[RECORD EXTRACTS]
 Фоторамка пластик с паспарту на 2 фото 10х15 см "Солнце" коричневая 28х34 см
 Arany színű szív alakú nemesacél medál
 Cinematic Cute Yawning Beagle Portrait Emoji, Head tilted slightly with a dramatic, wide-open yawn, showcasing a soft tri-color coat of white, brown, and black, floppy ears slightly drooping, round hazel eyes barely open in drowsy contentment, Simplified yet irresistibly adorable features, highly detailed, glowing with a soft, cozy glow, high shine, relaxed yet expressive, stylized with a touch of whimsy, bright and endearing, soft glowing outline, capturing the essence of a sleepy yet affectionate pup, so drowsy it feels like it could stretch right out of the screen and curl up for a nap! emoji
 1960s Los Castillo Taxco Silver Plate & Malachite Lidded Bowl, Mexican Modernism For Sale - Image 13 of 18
==
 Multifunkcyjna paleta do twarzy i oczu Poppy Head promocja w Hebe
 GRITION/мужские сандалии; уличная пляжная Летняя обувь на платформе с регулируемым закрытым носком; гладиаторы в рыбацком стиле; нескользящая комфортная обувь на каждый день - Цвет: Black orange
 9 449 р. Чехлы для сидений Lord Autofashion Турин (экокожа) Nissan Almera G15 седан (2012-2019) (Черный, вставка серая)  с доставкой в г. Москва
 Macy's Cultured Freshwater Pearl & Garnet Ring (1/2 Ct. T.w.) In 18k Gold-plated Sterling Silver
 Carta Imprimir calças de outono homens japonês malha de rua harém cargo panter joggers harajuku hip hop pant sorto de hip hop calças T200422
* * *
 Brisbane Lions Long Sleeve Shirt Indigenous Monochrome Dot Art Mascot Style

[EXERCISE OBJECTIVE] Output the material above exactly, but only from the line that carries "9 449 р. Чехлы" through the line that carries "Carta Imprimir calças".

[EXPECTED ANSWER]
 9 449 р. Чехлы для сидений Lord Autofashion Турин (экокожа) Nissan Almera G15 седан (2012-2019) (Черный, вставка серая)  с доставкой в г. Москва
 Macy's Cultured Freshwater Pearl & Garnet Ring (1/2 Ct. T.w.) In 18k Gold-plated Sterling Silver
 Carta Imprimir calças de outono homens japonês malha de rua harém cargo panter joggers harajuku hip hop pant sorto de hip hop calças T200422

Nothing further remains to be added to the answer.